Nie mam pojęcia jak poprzedni właściciel dbał. Jestem z Krakowa.
 

Michal

Moderator
Gwarancja i tak raczej nie obejmuje elementów naturalnie zużywających się takich jak hamulce albo klocki. To są groszowe naprawy, więc nie musisz się przejmować. Zawieszenie trochę droższe ale nadal tanie i też pewnie nie będzie objęte gwarancją.

Na pewno w okolicy Krakowa są jakieś warsztaty, a z resztą to są naprawy, które spokojnie zrobi dowolny warsztat, będzie musiał tylko zamówić od Tesli części i poczekać na kuriera.
Raczej nie ma się czego bać ;)
 

aadamuss

Pionier e-mobilności
Ja liczę czy mnie stać na dopłatę czyli 45tys. Podzielone na np. 5 lat daje 750 pln miesięcznie dopłaty do nowego auta. Przy 750 pln na miesiąc wolałbym jeździć nowym autem z gwarancją. Koszt ubezpieczenia też może być inny ale nie wiem w którym przypadku wyższy.
 

miksell

Posiadacz elektryka
Do mnie jeszcze przemawia fakt iż będzie to auto z wiekszym zasięgiem.
Generalnie jestem z Krakowa i zawsze przeliczam😊
 

KrzysztofFly

Moderator
Do mnie jeszcze przemawia fakt iż będzie to auto z wiekszym zasięgiem.
Generalnie jestem z Krakowa i zawsze przeliczam😊
Nie uwzględniłeś dofinansowania do zakupu nowej w swoich obliczeniach.
 

miksell

Posiadacz elektryka
Z dotacją jest tak iż nie liczę jej bo za pół roku wszystko może się zmienić.
Ale rzeczywiście dotacja zmniejsza tą różnicę.
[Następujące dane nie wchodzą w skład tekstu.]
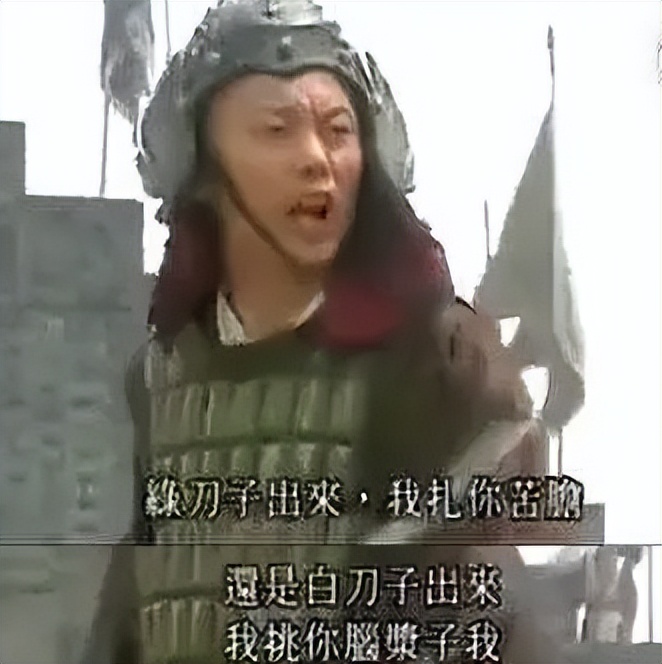 燕郊地铁房值得买吗,燕郊房子跌了可以卖掉吗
Jednak porównuję nową TM3 z zasięgiem 491 do używki z zasięgiem 580.
Bardziej adekwatnym byłoby zestawienie używki z nowym LR który kosztuje 240 tys zł. Wchodząc w te przedziały cenowe brałbym TMY.

Podsumowując:
Moje obecne auto odblokowuje mi ok 90 tys zł. Zakładam, że cała kwota idzie na wpłatę w Teslę.
TM3 nowa - dopłata/kredyt/leasing: 115 tys zł (chyba że uda się dopłatę do EV to: 96,5 tys zł)
TM3 nowa LR - dopłata/kredyt/leasing: 150 tys zł
TM3 używana LR - dopłata/kredyt/leasing: 80 tys zł
TMY nowa - dopłata/kredyt/leasing: 130 tys zł

TM3 LR jest najdroższa opcją i w moim wypadku nie ma sensu. Jeśli będę się decydować to jeśli trafi się coś z 2021 to śmiało można brać używkę.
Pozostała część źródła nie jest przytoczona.